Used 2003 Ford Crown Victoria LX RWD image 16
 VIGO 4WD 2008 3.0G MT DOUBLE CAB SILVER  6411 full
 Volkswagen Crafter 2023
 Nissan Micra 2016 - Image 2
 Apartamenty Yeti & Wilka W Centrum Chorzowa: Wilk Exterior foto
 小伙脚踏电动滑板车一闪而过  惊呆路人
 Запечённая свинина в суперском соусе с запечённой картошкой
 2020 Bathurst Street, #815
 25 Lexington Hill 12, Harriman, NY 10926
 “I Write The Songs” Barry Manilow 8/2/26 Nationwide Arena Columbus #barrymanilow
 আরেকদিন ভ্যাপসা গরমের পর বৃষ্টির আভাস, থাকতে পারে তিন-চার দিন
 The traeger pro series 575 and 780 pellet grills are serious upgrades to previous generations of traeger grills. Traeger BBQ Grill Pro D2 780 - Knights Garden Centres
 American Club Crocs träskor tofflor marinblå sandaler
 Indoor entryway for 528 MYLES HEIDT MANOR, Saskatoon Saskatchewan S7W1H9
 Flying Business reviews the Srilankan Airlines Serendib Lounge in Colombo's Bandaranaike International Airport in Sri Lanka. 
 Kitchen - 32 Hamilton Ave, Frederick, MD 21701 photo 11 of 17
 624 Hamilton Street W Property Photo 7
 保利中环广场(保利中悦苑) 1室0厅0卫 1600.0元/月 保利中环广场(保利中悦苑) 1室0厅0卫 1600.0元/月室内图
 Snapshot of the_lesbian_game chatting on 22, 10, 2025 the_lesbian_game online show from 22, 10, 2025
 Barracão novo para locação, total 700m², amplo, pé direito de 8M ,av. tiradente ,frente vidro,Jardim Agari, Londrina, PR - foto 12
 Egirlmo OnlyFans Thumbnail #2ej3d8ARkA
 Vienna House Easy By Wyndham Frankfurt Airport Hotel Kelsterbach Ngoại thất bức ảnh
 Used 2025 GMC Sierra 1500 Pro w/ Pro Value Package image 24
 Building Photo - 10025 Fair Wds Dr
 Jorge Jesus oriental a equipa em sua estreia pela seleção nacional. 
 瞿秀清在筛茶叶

......

Assignment: Everything in the material above from the line that has "Запечённая свинина в" through the line that has "The traeger pro" must be duplicated exactly, with no other lines given.

Worked solution:
 Запечённая свинина в суперском соусе с запечённой картошкой
 2020 Bathurst Street, #815
 25 Lexington Hill 12, Harriman, NY 10926
 “I Write The Songs” Barry Manilow 8/2/26 Nationwide Arena Columbus #barrymanilow
 আরেকদিন ভ্যাপসা গরমের পর বৃষ্টির আভাস, থাকতে পারে তিন-চার দিন
 The traeger pro series 575 and 780 pellet grills are serious upgrades to previous generations of traeger grills. Traeger BBQ Grill Pro D2 780 - Knights Garden Centres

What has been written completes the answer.